Today's Scripture Reading (November 10, 2023): Nehemiah 1
We seem to
want everything to happen now. When we quote Jeremiah, "I know the plans I
have for you," we are thinking about tomorrow, not seventy years down the
road. We want God to move now as well as in the lives of our children or grandchildren.
We are selfish. And a lot of our society proves it as we create problems that
our children will have to fix.
Jeremiah, in
610 B.C.E., prophesied that the Children of Israel would be sent into exile but
that God would bring them back. In 588 B.C.E., Jeremiah wrote to the exiles who
had already been taken to Babylon: "I know the plans I have for you. Plans
to prosper you and not to harm you, plans to give you hope and a future"

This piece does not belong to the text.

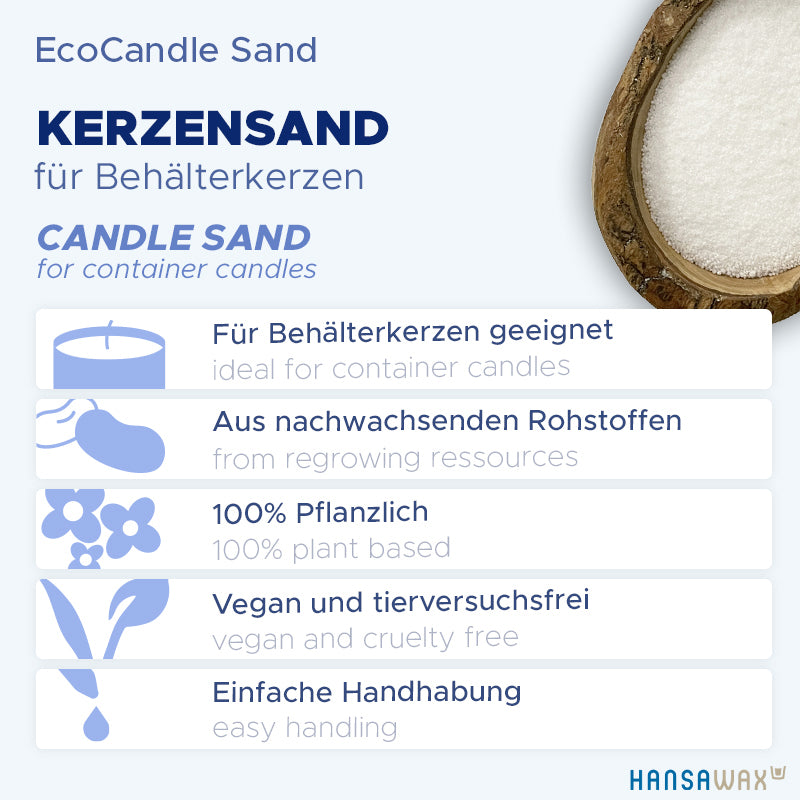 Pflanzlicher Kerzensand 'EcoCandle Sand'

(Jeremiah 29:11). In 586, Jerusalem fell, and the Temple was destroyed. In 559
B.C.E., Cyrus came to power in Persia. Around 545, Isaiah prophesies that God
has sent Cyrus to do his work. In 539, Cyrus defeated the descendants of the
Babylonian empire, and in 538, Cyrus decreed that the Temple would be rebuilt.
Nehemiah's
story begins somewhere around 445 B.C.E., almost a hundred years after Cyrus took
power away from the Babylonians. The Book of Nehemiah begins 15 years after the Book of Ezra
ends, nearly 100 years after the first captives returned to the Promised Land
and some 150 years after Jerusalem was destroyed. Even after this long time,
the walls of the city of Jerusalem were still in rubble.
Nehemiah receives his report from
Jerusalem, and he weeps. He was expecting something different, that there would
have been more progress in Jerusalem over the past century than there had been.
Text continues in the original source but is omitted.